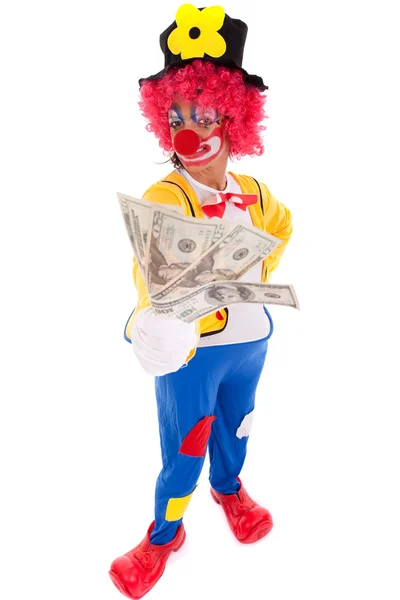 Buffo clown in possesso di denaro — Foto Stock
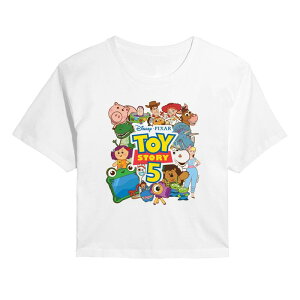 �A�j���L�����N�^�[ ���f�B�[�X �g�b�v�X T�V���c �N���b�v�h Licensed Character Juniors' Disney / Pixar's Toy Story 5 Characters Collage Cropped Tee White �z���C�g
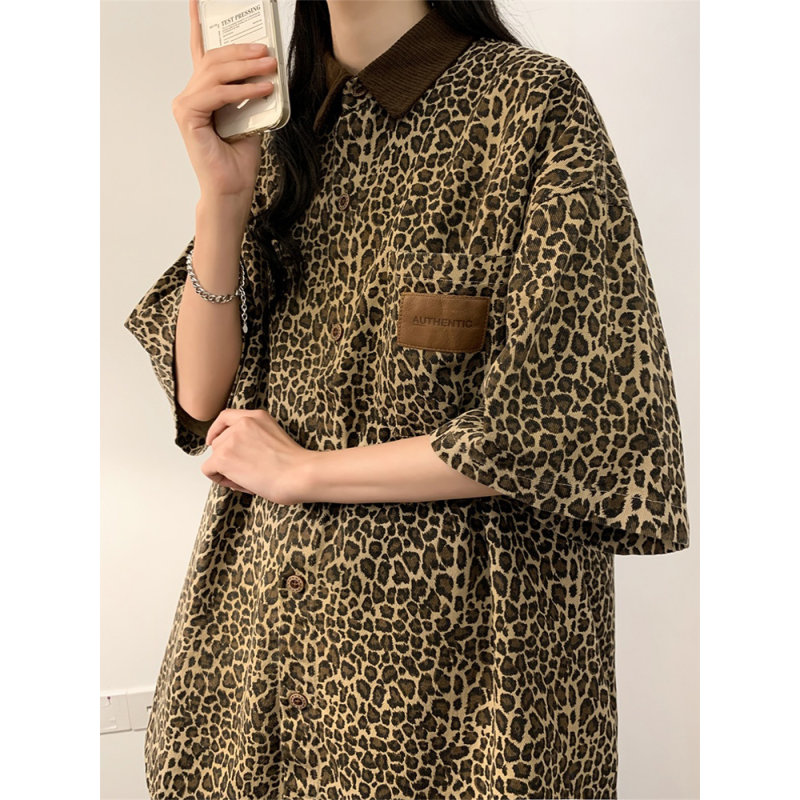 美式豹纹提花牛仔衬衫男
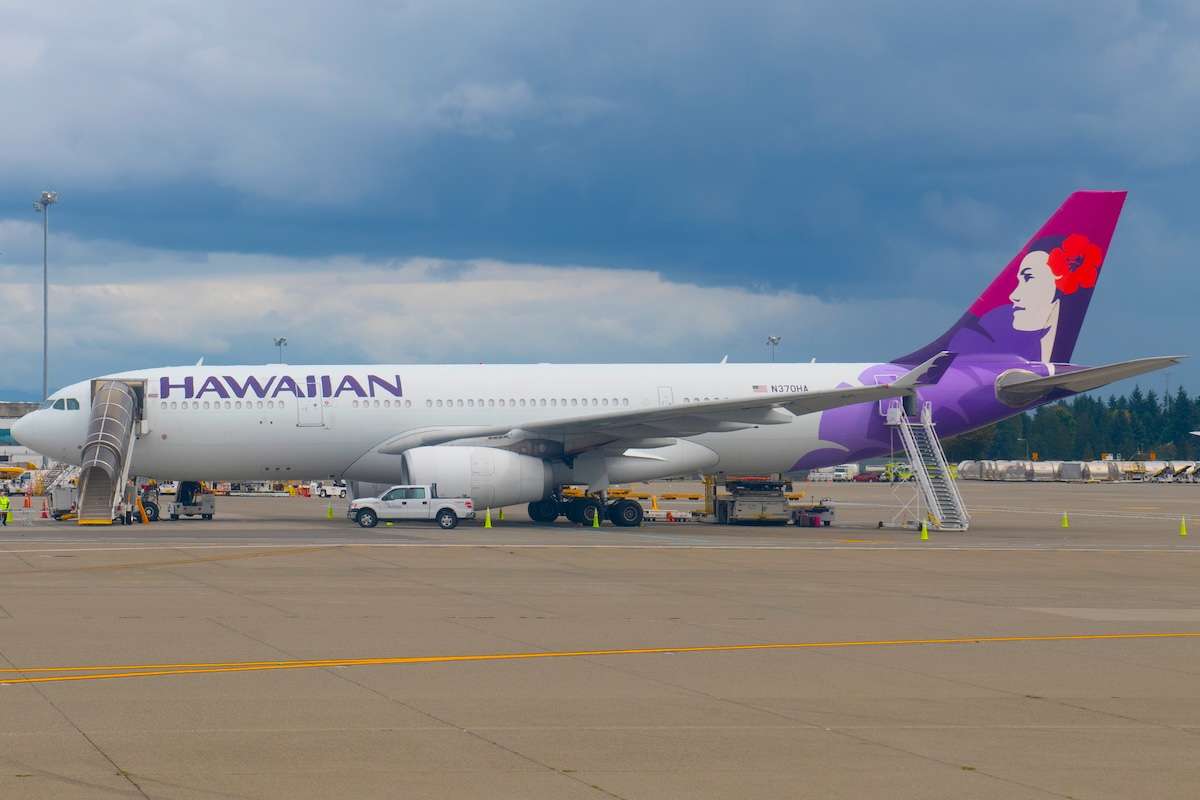 SEATTLE, USA - SEP. 13, 2019: Hawaiian Airlines Airbus A330 N370HA at Seattle Tacoma International Airport, Seattle, Washington, USA.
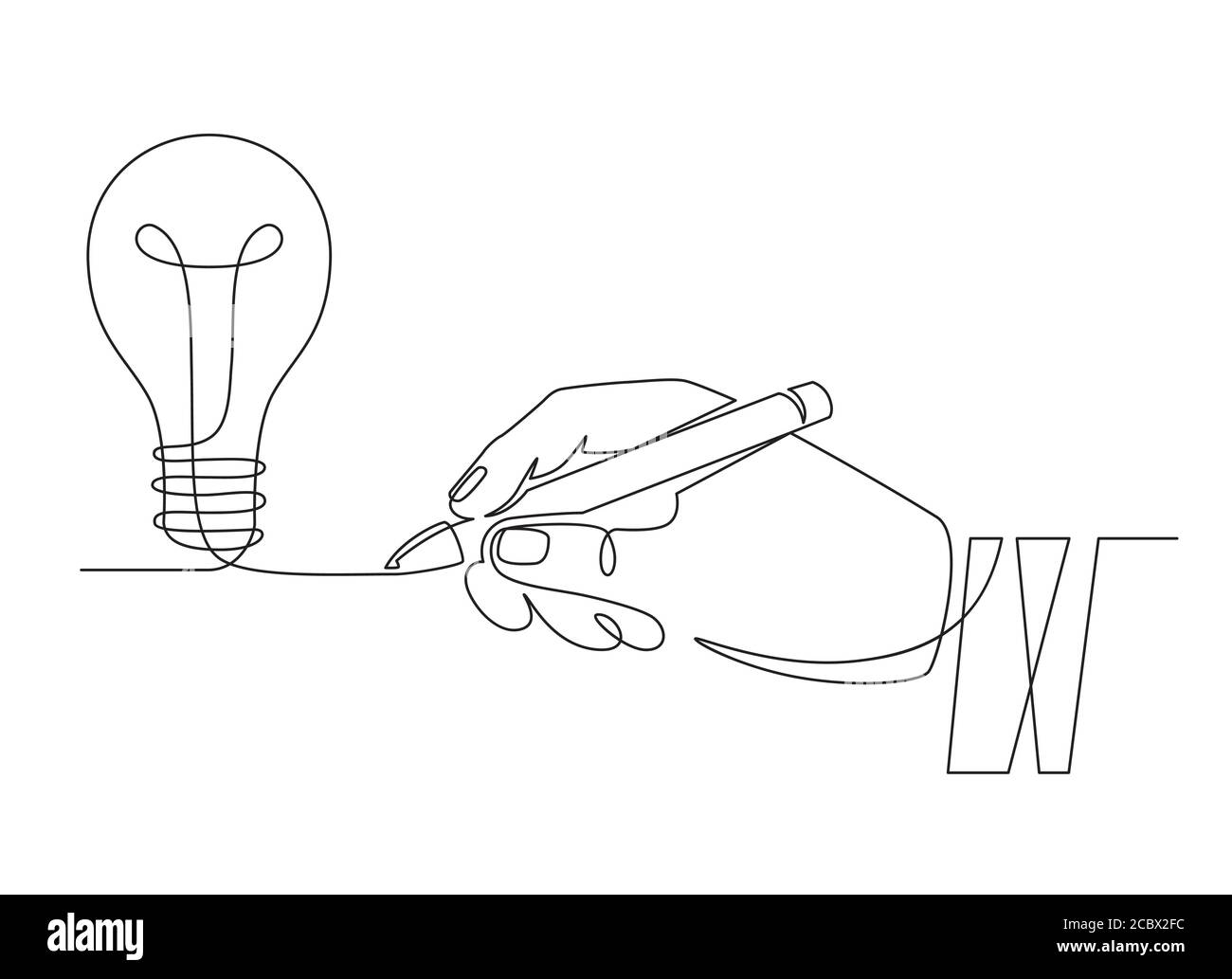 Glühbirne Idee. Skizze Hand mit Stift Zeichnung eine Linie Glühbirne, Erfindung oder kreative Denken Symbol. Neues Projekt, Brainstorming Vektor-Konzept Stock Vektor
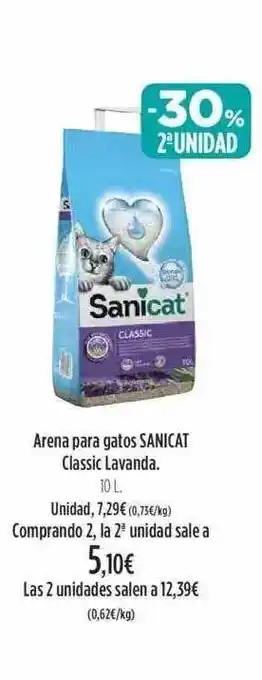 El Corte Inglés -30% 2a Unidad Arena Para Gatos Sanicat Classic Lavanda oferta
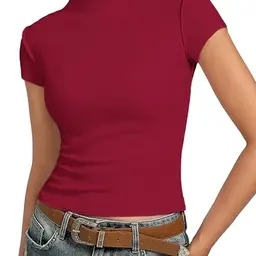 Kate Kasin Damen T-Shirt Kurzarm Sommer Rundhals Elegant Basic Rot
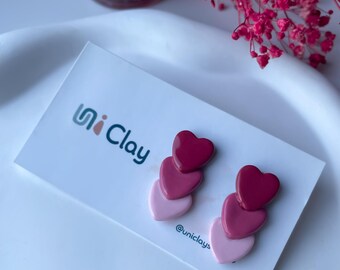 Pink Ombre Heart Earrings, Polymer Clay Valentine's Day Gift for Her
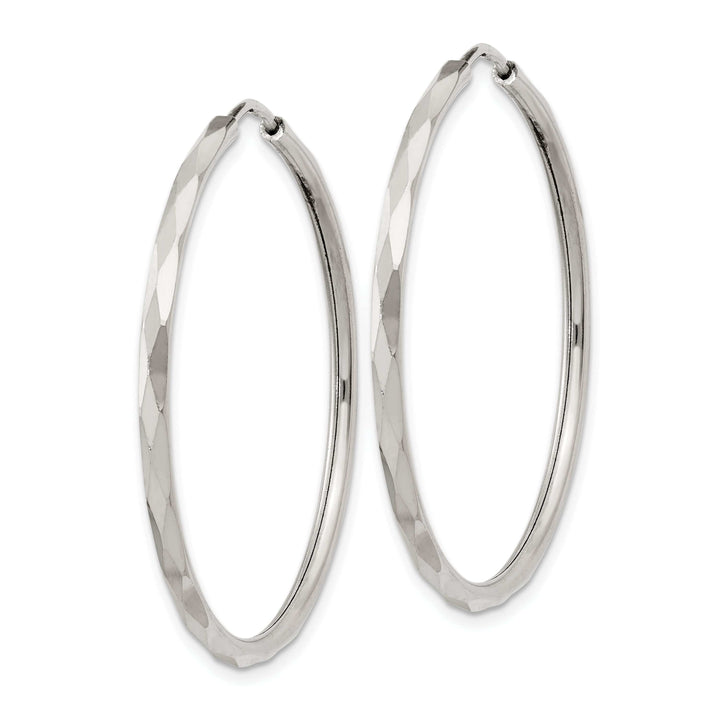Lovely Rita's Earrings Sterling Silver Diamond Cut Hoop Earrings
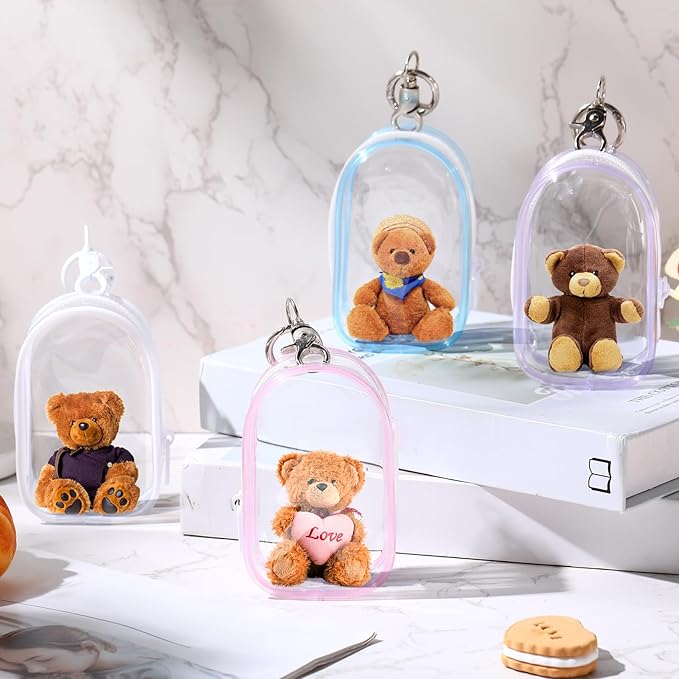Harloon 6 Pcs Clear Figure Display Bags with Keychain for Doll 3.94 x 2.56 Inch Small Zipper Clear Pouch Keychain Display Case Portable Hanging Blind Bags Doll Storage Box Gift for Friend(Door Shape)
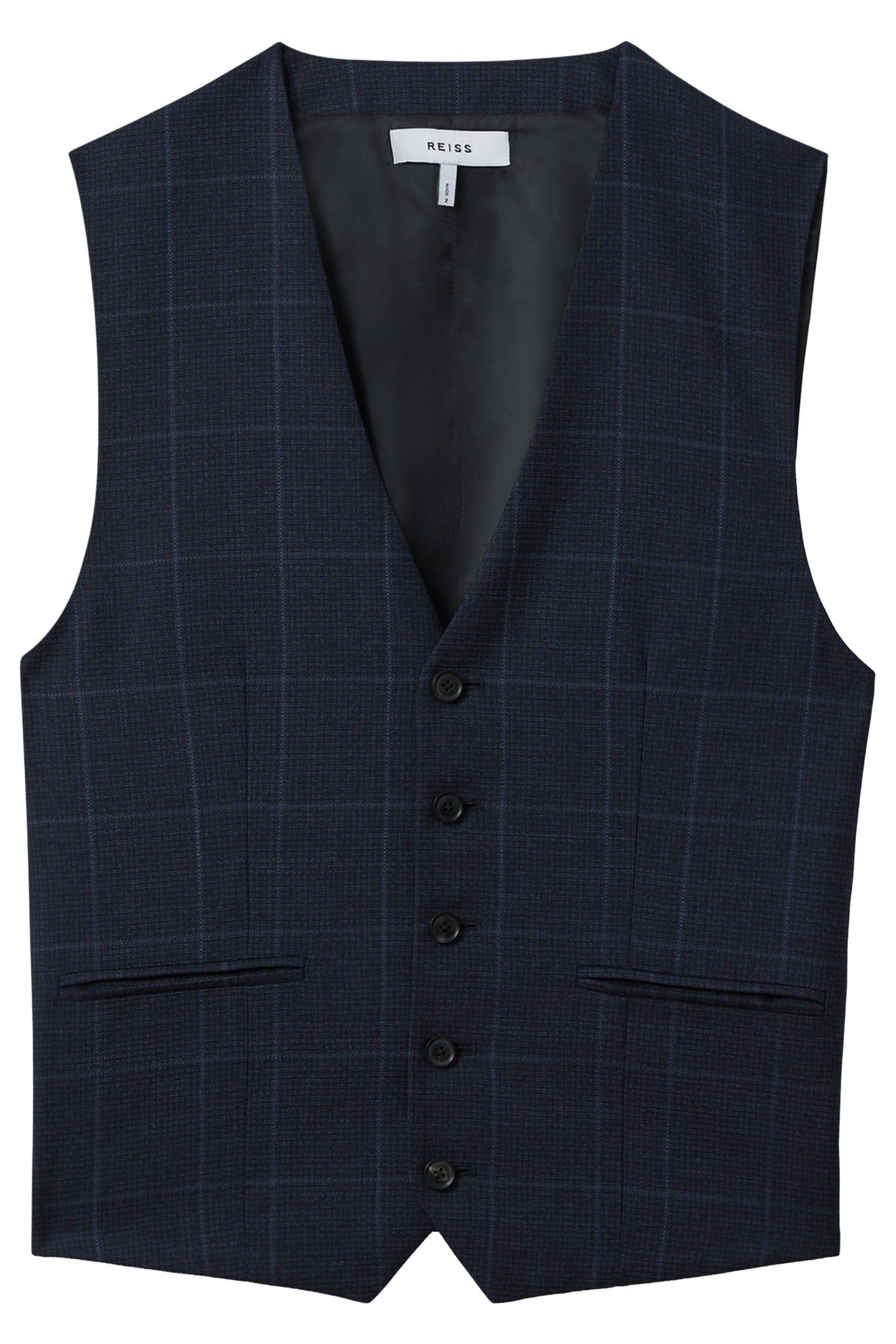 WINDOWPANE HORSESHOE WAISTCOAT NAVY 4
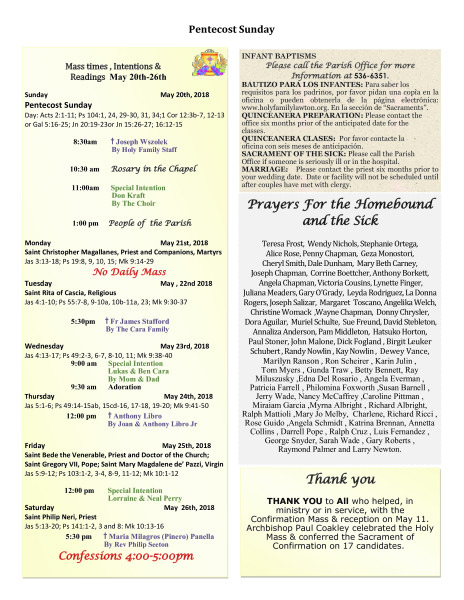 Bulletin May 20th, 2018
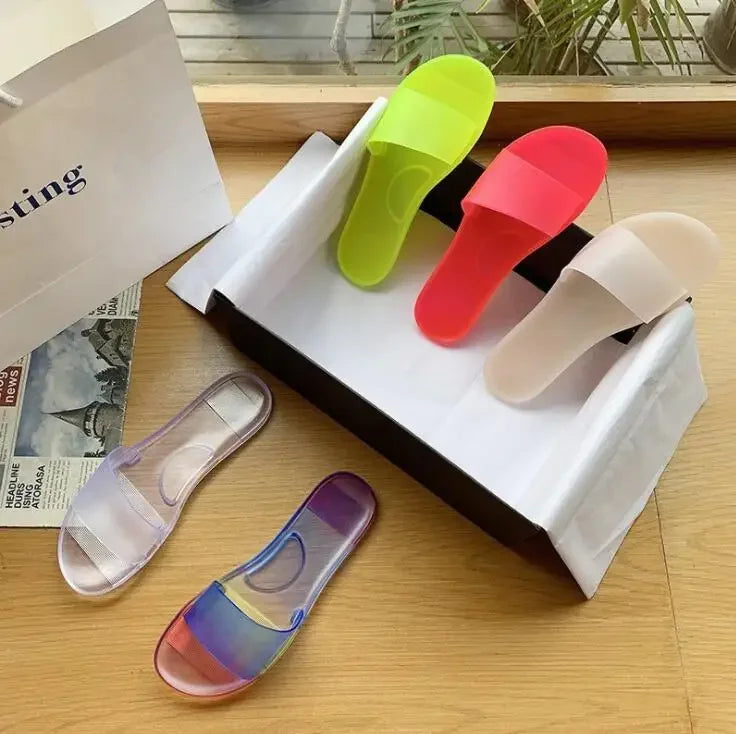 2025 Summer Women New Plus Size Bottom Beach Shoes Ladies One-word Sandals Casual Transparent Jelly Color Flat Slipper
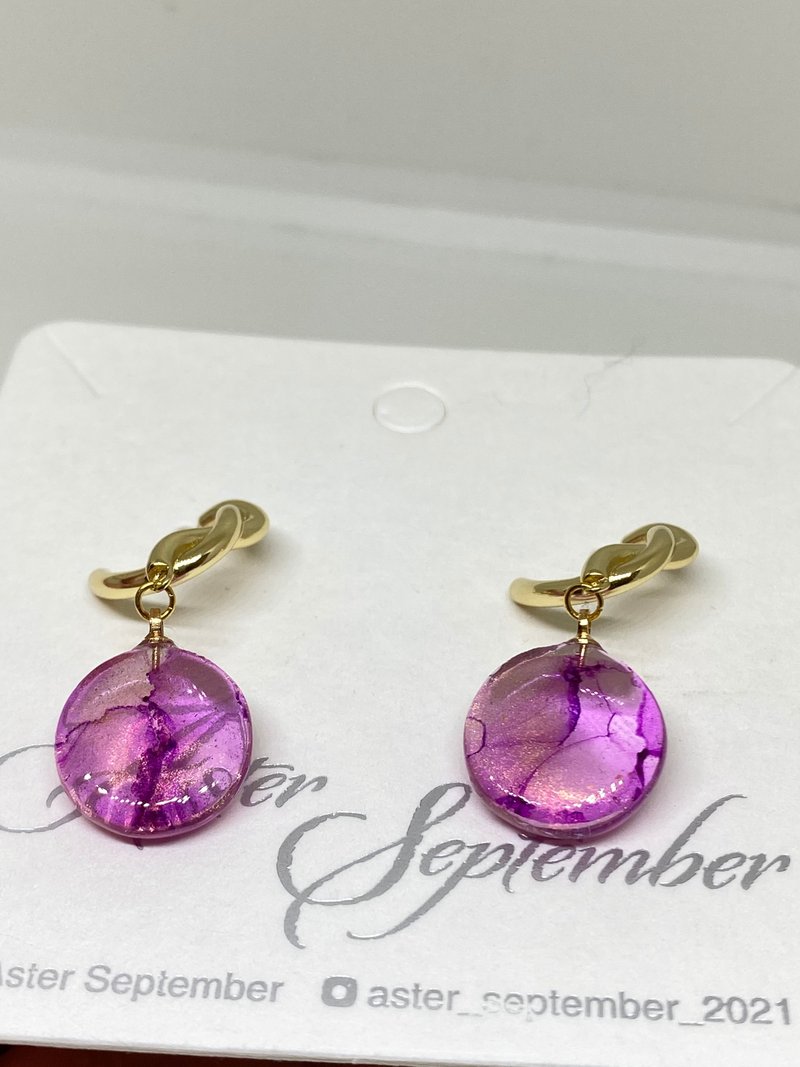 酒精墨水画耳环 - 粉红 - 耳环/耳夹 - 树脂 粉红色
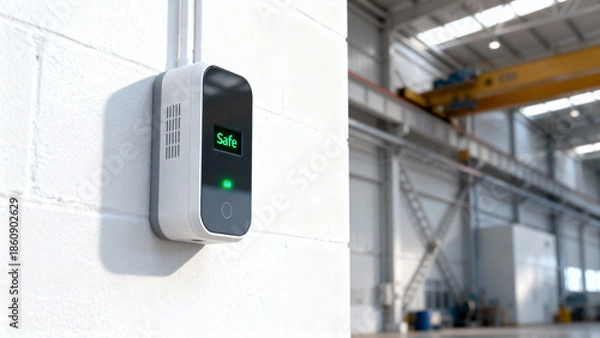 Obraz Monitoring Device Displaying Safe Status in Industrial Setting with Bright Background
====
Restate the lines above exactly, from the one bearing "Pink Ombre Heart" through the final line of the material, both included, omitting pictures.

 Pink Ombre Heart Earrings, Polymer Clay Valentine's Day Gift for Her
Lovely Rita's Earrings Sterling Silver Diamond Cut Hoop Earrings
Harloon 6 Pcs Clear Figure Display Bags with Keychain for Doll 3.94 x 2.56 Inch Small Zipper Clear Pouch Keychain Display Case Portable Hanging Blind Bags Doll Storage Box Gift for Friend(Door Shape)
 WINDOWPANE HORSESHOE WAISTCOAT NAVY 4
 Bulletin May 20th, 2018
 2025 Summer Women New Plus Size Bottom Beach Shoes Ladies One-word Sandals Casual Transparent Jelly Color Flat Slipper
 酒精墨水画耳环 - 粉红 - 耳环/耳夹 - 树脂 粉红色
 Obraz Monitoring Device Displaying Safe Status in Industrial Setting with Bright Background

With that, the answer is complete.